In November 2015, the ten largest Chinese zinc smelters - including Zhuzhou - said they would cut refined zinc output by a combined 500,000 tonnes in 2016, equalling about 3.5% of global production. But these cuts for the most part have not materialised so far.
“Other smelters may also have cut but they do not want to openly discuss it. Metal production cuts will be more obvious in the first quarter of 2017,” the second mining source added.
China’s refined zinc output in January-November 2016 was in fact 1.2% higher year-on-year. A rapid rise in Shanghai Futures Exchange prices has enabled smelters to maintain profitability despite collapsing treatment charges (TCs) for concentrates.
After ending 2015 at 13,440 yuan ($1,935) per tonne, SHFE zinc prices gained 86% to a peak of 25,055 yuan per tonne on November 28.
TCs - the discounts on the zinc price paid to smelters for the cost of processing concentrates into metal - have collapsed to $30-50 per tonne this week from $150-165 in December last year.
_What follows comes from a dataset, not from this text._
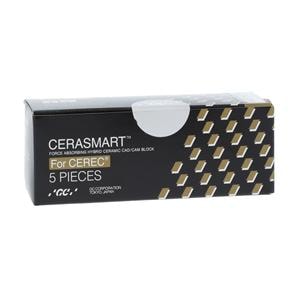 CERASMART HT Milling Blocks High Translucency 14 A3.5 For CEREC 5/Pk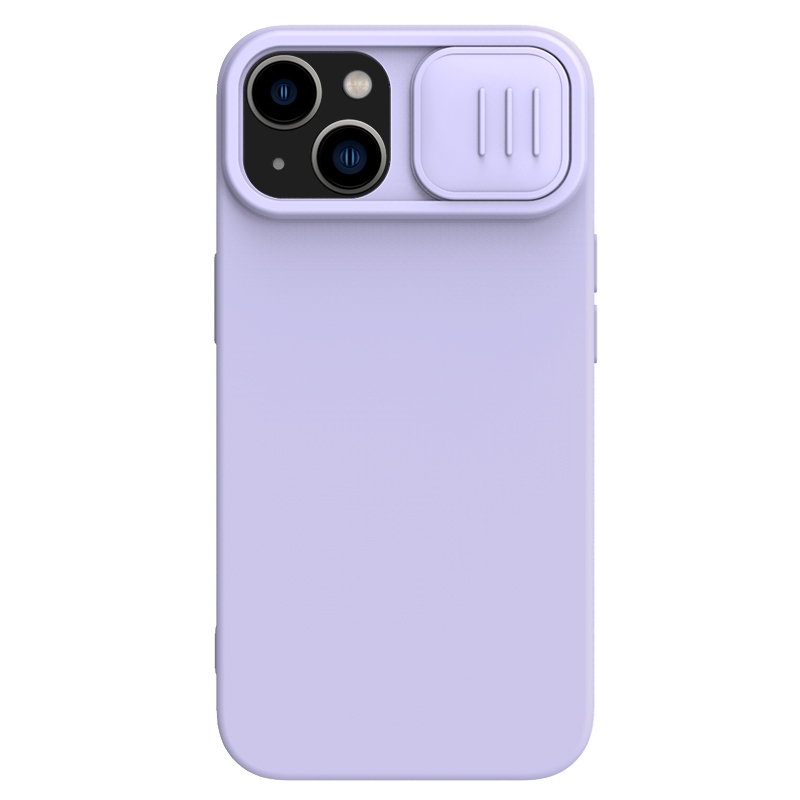 For iPhone 15 Plus NILLKIN CamShield Liquid Silicone Phone Case(Purple) - Shopkiz.com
With the supply of raw material to China drastically reduced, recent tenders for material have been awarded at ever-lower rates.
Still, three-month LME and SHFE prices have declined 13% and 16% respectively from their late-November peaks.
“Smelters in China are unhedged so they have made profits from [price] speculating with free zinc units,” an international zinc concentrates trader said. “When prices are $1,500-1,600 per tonne, most probably they can get it right but when the price is already at $2,800 per tonne the probability of further rises is lower.”
To cut or not to cut?
On December 13 this year, a group of 12 Chinese zinc smelters met to discuss how to combat lower TCs.
“Current treatment charges for zinc concentrate do not cover the smelters’ normal production costs… nevertheless these zinc smelters will maintain their long-established pricing models with mining companies,” the smelters said, laying out a four-point action plan.
But if prevailing market conditions endure, some smelters may be forced to reduce output due to a lack of available raw material, sources said.
“If TCs remain low, I think some smelters in China will cut production,” a Chinese smelter source who attended the meeting said.
“There will be more cuts around Chinese New Year,” a second smelter in China said.
Still, several factors remain in question, primarily whether Chinese domestic mine production will get a boost from improved conditions for miners in the country.
Zinc mine supply in China will grow by 4.9% in 2017 from 2016 while supply outside China will rise 6.6% year-on-year because some mines that were idled in 2015 and 2016 will restart and some new projects will come online, International Lead and Zinc Study Group (ILZSG) director Paul White predicted in November.
Still, it could be a case of short-term pain for long-term gain for Chinese zinc smelters, with expansions at mines such Gamsberg and Dugal River expected to come on-stream. And Glencore’s 500,000 tpy of idled capacity could return at some point.
“Most smelters will suffer to produce [refined] material in the first half of next year… but at some point in the first or second quarters metal stocks will decrease and prices and premiums will go up further,” a second mining source said. “Then Glencore will bring back some cut production.”